Kill Bill - Volume 1 Quentin Tarantino 2003

"The Film So Redundant, They Made it Twice"
I'm going to be honest here and say that the only reason I'm even reviewing this is because I could simply not bring myself to sit through "House of the Dead". There. You got me.

Uma jumps. Uma swings. Uma cusses. Uma speaks in broken English (why? not sure.). Uma drives a truck called the Pussy Wagon and shrmmaaanaabarORo nfnl.

Whoops. Fell asleep again. Even thinking about this movie bores me. And thinking about the second "Volume" bores me, even though I haven't seen it yet. I'm bored at the prospect of being bored by it, and even having to think that out bored me as well. You're probably bored reading this. So I'll move on...

In his FOURTH FILM (whoo-hoo, Quent), Tarantino rips off even more films from even more countries and afterwards pats himself on the back with an army's worth of dismembered prosthetic limbs. We've got Samurai. We've got Kung-Fu. We've got Giallo (not that half the people in America know what the fuck giallo is anyway, so there's a lost reference, Q-Man). We've got pretty people beating each other up, which really should be fun. In the end, though, Tarantino has basically set up a United Nations of Benneton ad with lots of fake blood and narrative trickery to keep us from noticing that these are the same people who sell us cosmetics and tampons that happen to now be flying through the air and bouncing off bodies. It's the purest commercial dreck that I think I've seen this year, and it's all the more awful because it's coming from someone who claims to support the genres that he's raping, burning, and pissing on.
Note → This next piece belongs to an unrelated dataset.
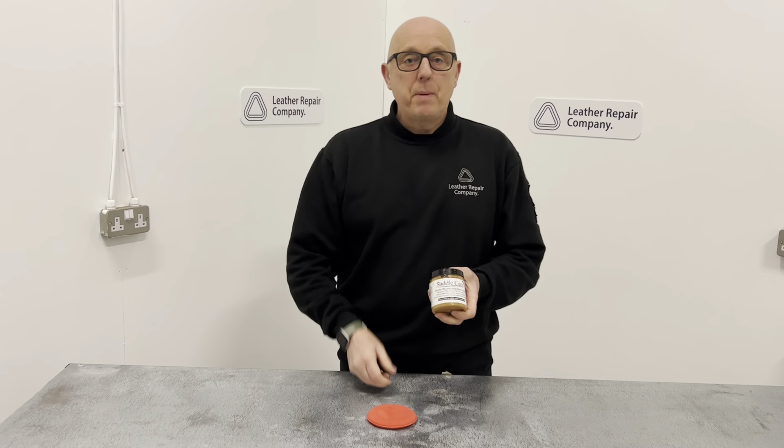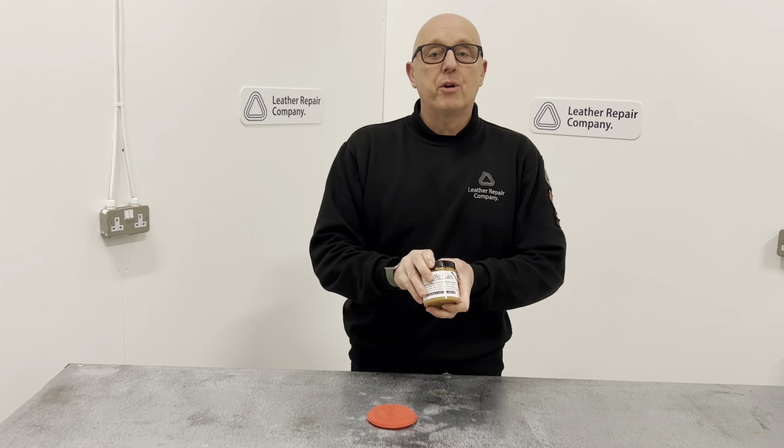Hi there guys, Richard here from The Leather Repair Company. This is another product from our Saddlecare range — the Saddlecare Recolouring Balm. It does exactly what it says on the bottle: it recolours saddles.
Alright, alright, the story. A woman gets shot at her wedding by her ex-posse, and after 4 years in a coma (They let her live, on principle. Although gunning down someone on her wedding is apparently okay, by the same principle.) she wakes up and goes to kill them all, although not in order, because this would be too easy, so Quent has to rearrange things to keep us all on our toes! Hey buddy -- how's about giving us some characters to watch, eh? Maybe then you wouldn't have to keep resorting to these parlor tricks of yours. The characters are named after snakes, I think. And they're all baaaaaaaad.

So she kills them. End of story. Why were they after her in the first place? Dunno. Why did she leave the Death Squad? Dunno. Why was she porking Bill? Dunno. Quent even goes so far as to beep over her name whenever it is spoken, to add to her "mystery". Yawn. Yeah, man -- you did this before, with the suitcase that glowed. Remember how you never told us what was in it? Eh? Eh? Remember?

So here are the good points: Viveca Fox looks great and acts well, and her fight with Uma is pretty intense. Were it not for some atrocious dialogue that she's forced to speak, she'd get off scot-free. Michael Madsen phones in his line from a rehab clinic in Palm Springs. Darryl Hannah looks great with an eyepatch, but who doesn't? Carradine thankfully never shows his mummefied mug on-screen. Lucy Liu once again suffers admirably through yet another cold dragon-lady role, and again I think she's better than that (have you seen "Charlie's Angels"? She's funny! And she doesn't have to wear a Kimono!). The anime segment, besides being wholly out-of-place, is standard "quivering-wet-eyes-and-slo-mo-blood-splatter" stuff -- rent "A Perfect Blue" if you want to see this kind of thing drawn around actual characters.

And Uma. Uma, Ooma, Uhma. What can I say -- of late you've pretty much redefined yourself as a versatile, challenging actress. No more "Vatel" and "A Month in the Country" catflap, please -- let's stick with the "Hysterical Blindness" and, yes, even the "Kill Bill" Uma. She's strong, sexy, and multifaceted, and holds her own against great actors like Gena Rowlands (in "Blindness") or gallons of blood and prominent non-diagetic pop music. Maybe Ethan jumped ship, but the Newma doesn't need him -- she doesn't need anything but a Pussy Wagon and a dream. Let's hope that, if for nothing else, "Kill Bill" has put one of our most underrated and untapped young actresses back in the game.

And for that, and that alone, I just may see the sequel.